For years, it has been my custom to travel over to Erskine and then down to your Inn for lunch. You know I would come there with Ann Porter, Jan Olson and Marijo Shide (who moved on to heaven last year).
You would welcome us, and we would browse around in your elegant gift shop. Jim would be waiting with excellent luncheon fare in the gracious dining room. I remember when you two refurbished the Inn at Maple Crossing. You sold the bed and breakfast you had been operating in Virginia. Jim had taught some classes at Georgetown.
The Inn at Maple Crossing is a 19th-century country inn style. It has 16 rooms, all with baths. I always liked your library sitting room and the porch that looks out over Maple Lake.

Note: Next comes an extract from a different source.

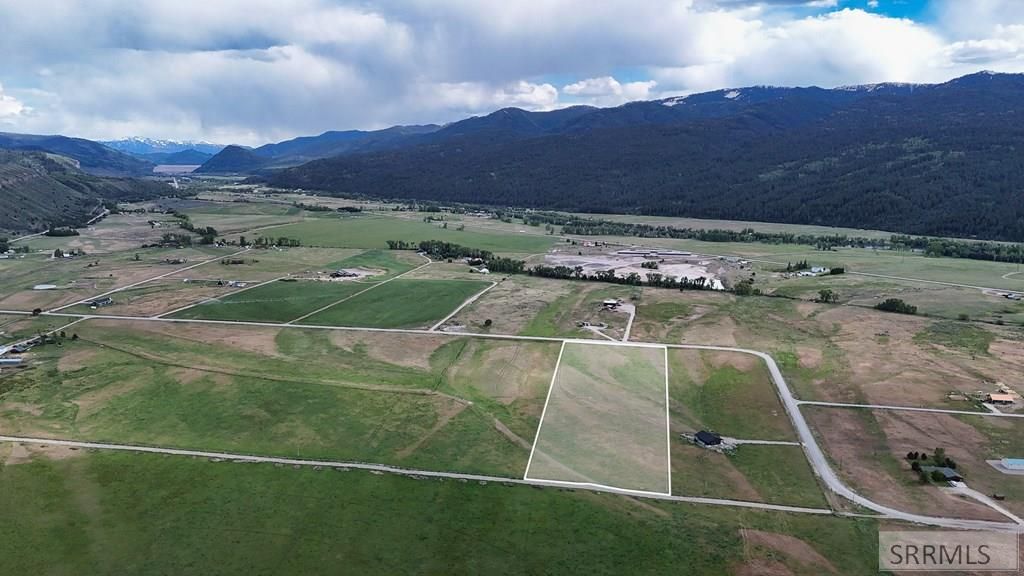 Image 8 of property listing at 10 Acres Old Irwin Road, Irwin, ID 83428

And I know that Nancy was a member of the Maves family in Crookston. The Maves had a summertime cottage on Maple Lake. It was near the Inn you have been operating.
History tells us the inn began in the original log cabin moved to the site in the 1880s by John Buhn, a Norwegian immigrant.

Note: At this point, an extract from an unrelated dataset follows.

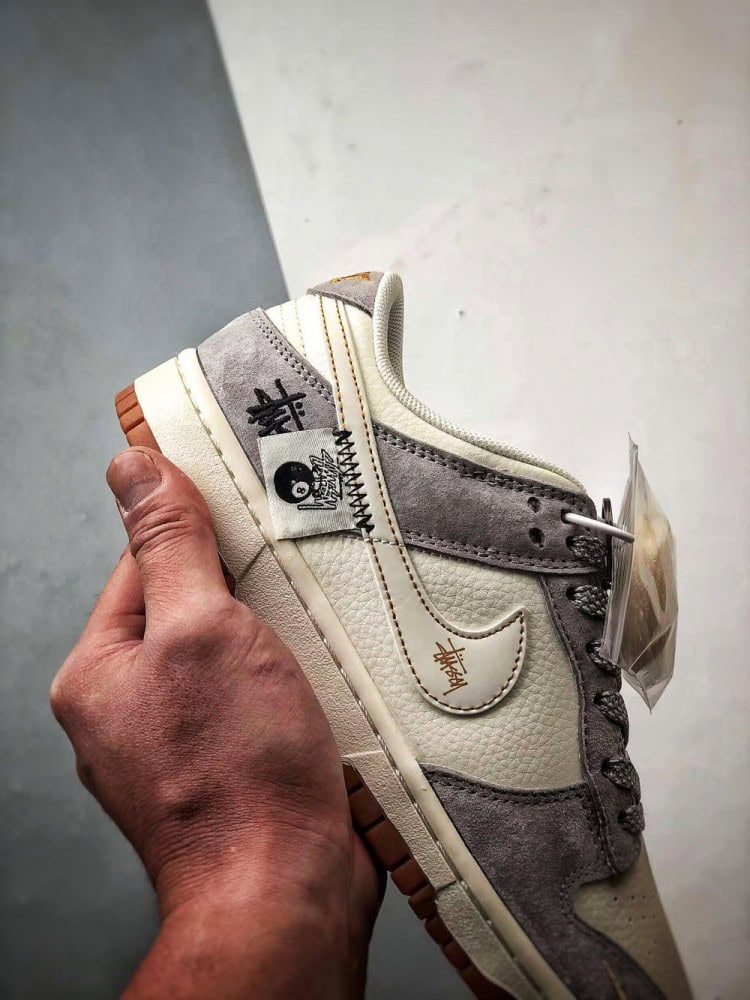 【AT3304】Nike Dunk x Stussy ナイキ ダンク × ステューシーのコラボレーションクラシックスニーカー、ナイキ ダンク ロー レトロのステューシー ブラック8ラベル ミルキーホワイトグレー ローカットカジュアルスポーツシューズ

From 1890 and on, additional rooms were added. And by 1903, it was a 35-room hotel available for summer rentals. In those days, some people would rent for an entire season.
That was before my time here in the northland. But I was acquainted to the elegant Sunday dinners with chicken and lemon meringue pie by the late Virginia Satrom. She invited me to go with her. The Buhn sisters, Dora and Clarice, wouldn't serve anyone they didn't know.

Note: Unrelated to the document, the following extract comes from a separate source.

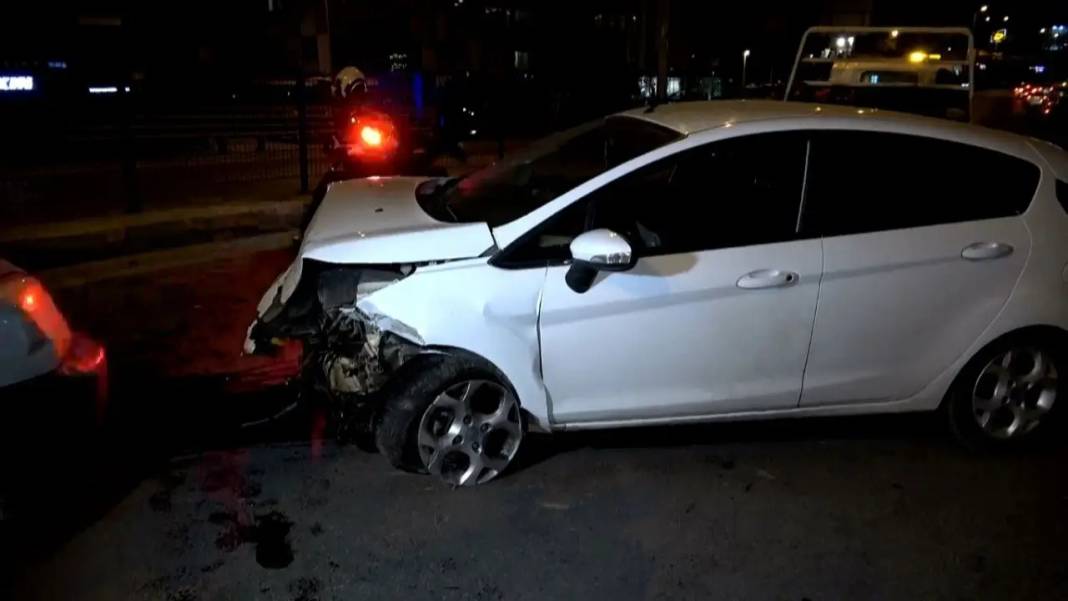 Antalya’da 6 Araç Birbirine Girdi! Kilitlenen Kavşak Trafiğe Kapandı 5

Well, they are long gone. The memories linger on. You two rebuilt and enlarged the gracious lakeside hotel. You served as warm, caring hosts there since 1996. Now you are retiring and moving into Crookston.
That's where you grew up, Nancy, as a daughter of the late Russel and Eleanore Maves. Your dad ran Maves Optical. And, in the 1970s, he operated the former Upper Deck restaurant in Crookston. It was a fabulous upstairs restaurant. Oh, the memories!
I hope someone will carry on the Inn at Maple Crossing with the same high standards. I know times change. Your excellent old fashioned friendliness always will be remembered with high regard.
Your friend, Marilyn.
P.S.: Among the many things your patrons will miss is your traditional Valentine's dinner. It was served in seven courses with poetry readings and music in between.